Data for the task.
· · · ·

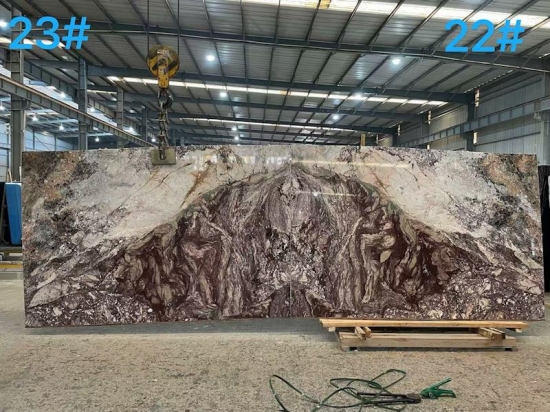Kitchen and bathroom countertops, monuments, building stone, ornamental stone, stairs, interior, exterior wall and floor applications
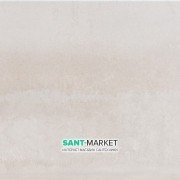 Плитка керамограніт Pamesa Narni Hm. Light 60х60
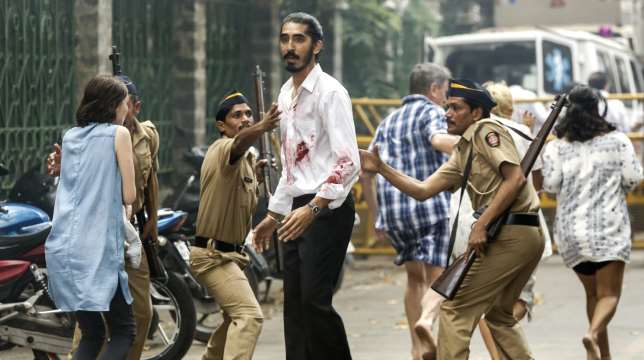 Attacco a Mumbai: Ce ne parlano in esclusiva il regista e i protagonisti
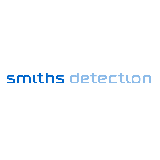 Smiths Detection Germany GmbH_2026-08-07-10:41:09.886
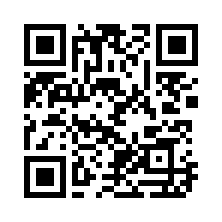QR Code for DAi6Q6B2wF9a7PcfLiAsT3dsp9Pn62EL1L
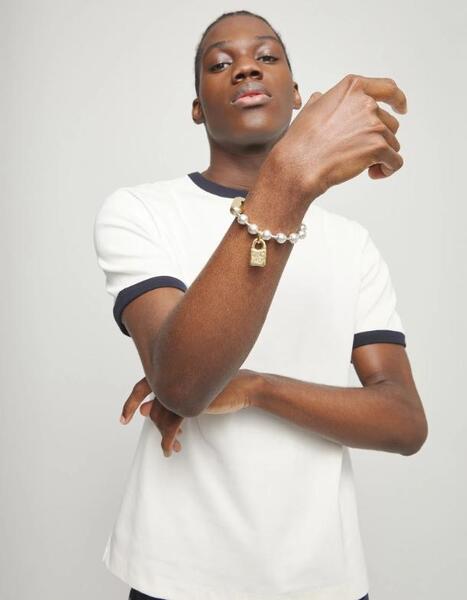 Gallery a29377 nd6ymybc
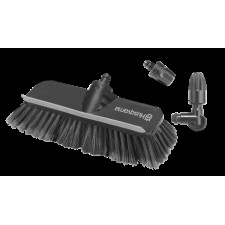 Четка за водоструйка за почистване на лек автомобил HUSQVARNA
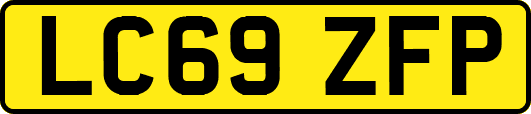 LC69ZFP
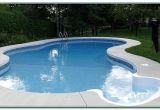 Inground Pools Buffalo Ny Semi Inground Pools Buffalo Ny Pools Home Decorating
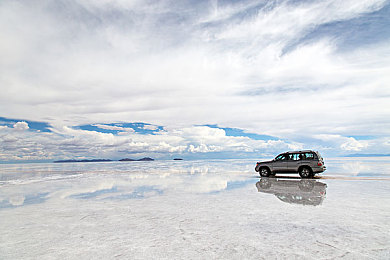 99热这只有：热度登顶，极速王者的终极馈赠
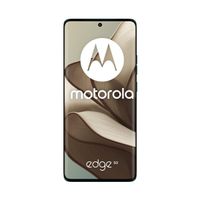 Miniatura 3 de MOTOROLA edge 50 6.67" 5G 12GB/512GB Verde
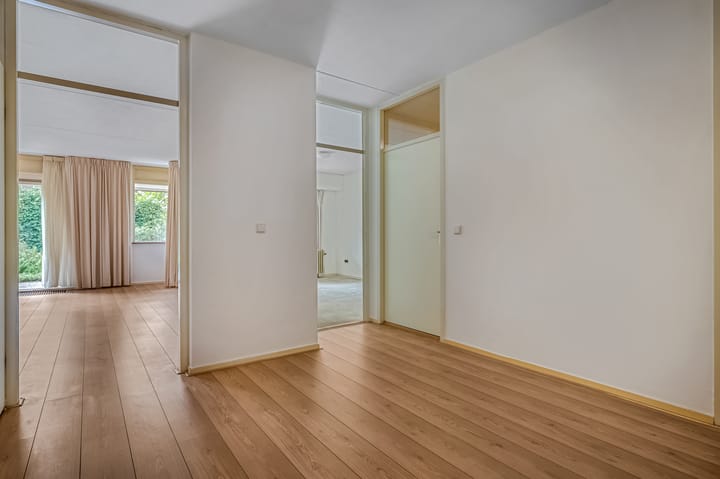 Foto 11 van J F Kennedylaan 39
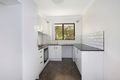 Property photo of 10/29 Tullimbar Road Cronulla NSW 2230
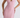 Diepe V-hals Schouderband Bodycon Mini Jurk | Meave & Ivy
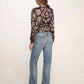 Heartloom - Lindy Long Sleeve Top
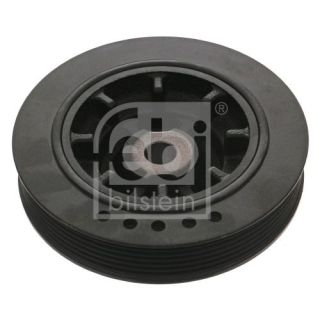 Skriemulys, alkūninis velenas FEBI BILSTEIN 24933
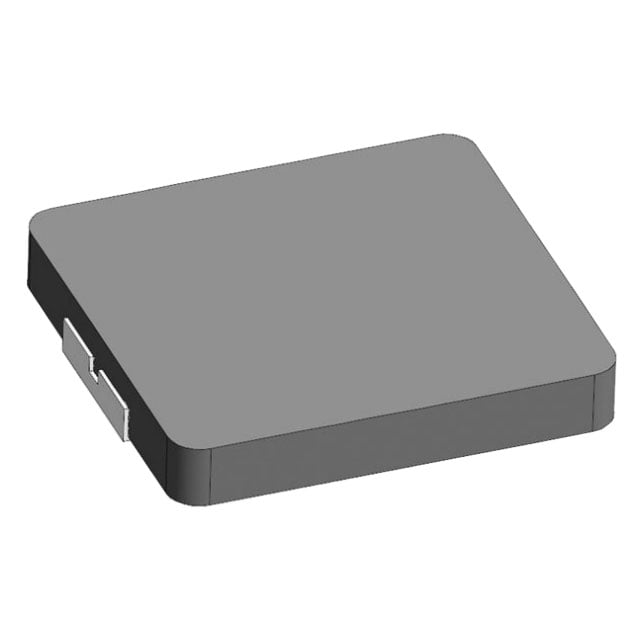 AMPLA7012S-1R2MT by Abracon LLC - FIXED INDUCTOR 1.2UH 5A 36 MOHM SMD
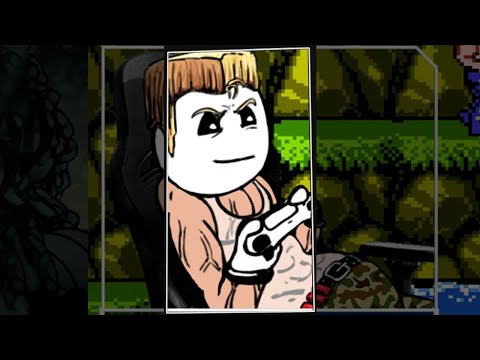 Видео: #shorts  контра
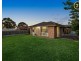 24 Fieldhouse Lane, Berwick VIC 3806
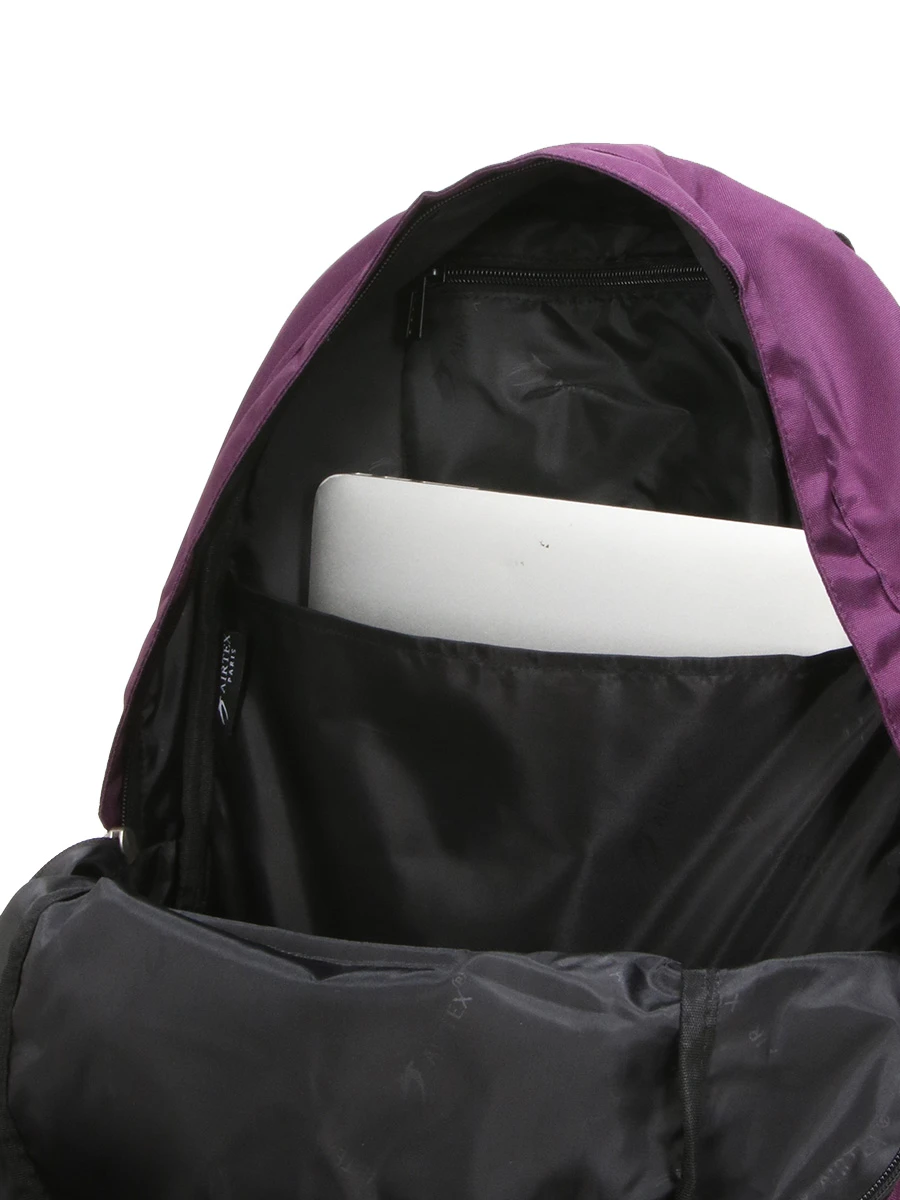 Sac à Dos Airtex Casual Dome M 12 Sac à Dos Airtex Casual Dome M – Image 10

· · · ·

About this exercise. Your output should consist solely of the lines from the line containing "Inground Pools Buffalo Ny Semi" through the end of the data above, copied exactly, with images removed.

Solution to the problem.
 Inground Pools Buffalo Ny Semi Inground Pools Buffalo Ny Pools Home Decorating
 99热这只有：热度登顶，极速王者的终极馈赠
 Miniatura 3 de MOTOROLA edge 50 6.67" 5G 12GB/512GB Verde
 Foto 11 van J F Kennedylaan 39
 Property photo of 10/29 Tullimbar Road Cronulla NSW 2230
 Diepe V-hals Schouderband Bodycon Mini Jurk | Meave & Ivy
 Heartloom - Lindy Long Sleeve Top
 Skriemulys, alkūninis velenas FEBI BILSTEIN 24933
 AMPLA7012S-1R2MT by Abracon LLC - FIXED INDUCTOR 1.2UH 5A 36 MOHM SMD
 Видео: #shorts  контра
 24 Fieldhouse Lane, Berwick VIC 3806
 Sac à Dos Airtex Casual Dome M 12 Sac à Dos Airtex Casual Dome M – Image 10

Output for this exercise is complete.